古本の二つの入手方法

 古本を求める場合、現代はインターネットで簡単に入手することができる。インターネットの検索窓に作品のタイトルと著者名を打ち込めば、たちどころに、Amazonをはじめ、古本を扱うサイトで目当ての本がヒットされる。

 筆者が学生時代だった1980年代前半はインターネットなどなく、古本屋の店頭で探さねばならなかった。しかし、これが容易なことではない。

 大型の新古書チェーン店である「BOOKOFF」は別として、たいがいの古本屋の店内は大変狭い。書棚と書棚の間隔は、辛うじて人がすれ違える程度。先客かいると、そのあたりの書棚を見ることは難しい。筆者が見る棚は、主に外国作家の文庫本が並ぶ一角だが、基本的に置いている作品数が少ない。逆にある程度、揃えている場合は、スペースが手狭なため、正面の書棚だけでなく、平台に置かれた木箱(あるいはコンテナボックスなど)の中にも、背表紙を上にして並べられているが、それでも収まりきらない本が、その上に無造作に積み重ねられている。そうなると、それら平積み本のかたまりを一冊一冊チェックし、それが終わるごとに移動させて、その下に隠れている背表紙のタイトルを確認していくことになる。そして、そうした苦労(決して、苦痛ではないのだが)をしながら探しても、目当ての本がみつかる確率は(メジャーな作品は別として)極めて低い。一体に古本屋で目当ての本に巡りあうのは、僥倖に等しいといってもよかろう。
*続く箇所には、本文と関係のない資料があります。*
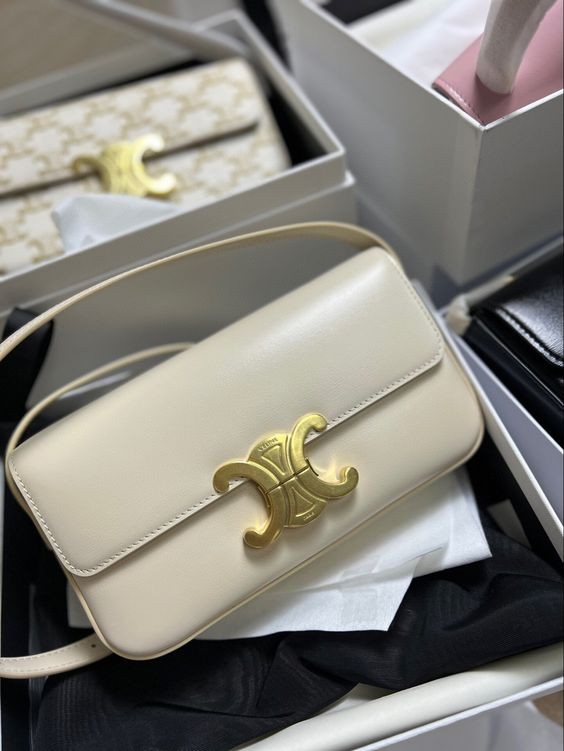 CELINE 20CM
 その点、インターネットであれば、目当ての本をピンポイントで探し求めることができる。しかしながら、それ以外の本は目に入らない。

 一方、古本屋の書棚で探す場合、目当ての本を探す過程で、否応なしに他の本も目に入るので、予期していない面白い本と出会う可能性がある。この〝予期せぬ偶然の出会い〟というのが、古本屋で探すことの最大の魅力、効能であろう。

 このホームページで紹介しているR・ライト・キャンベルの『すわって待っていたスパイ』などは、まさにその好例。この作品は、ある古本まつりの会場で、何列も並ぶ書棚を一列ずつ端から端まで、ローラー作戦のようにして、そこに並ぶ背表紙を目で追っていたときに、タイトルに惹かれて、手に取ったものである。それまで、この作品(当然、作者も)が存在することすら知らなかった。

 そういうわけで、筆者はピンポントで本を求める場合はインターネットで、一方、まだ見知らぬ、第二・第三の『すわって待っていたスパイ』のような、隠れた名作との出会いを求める場合は、古本まつりへ足を運んでいる。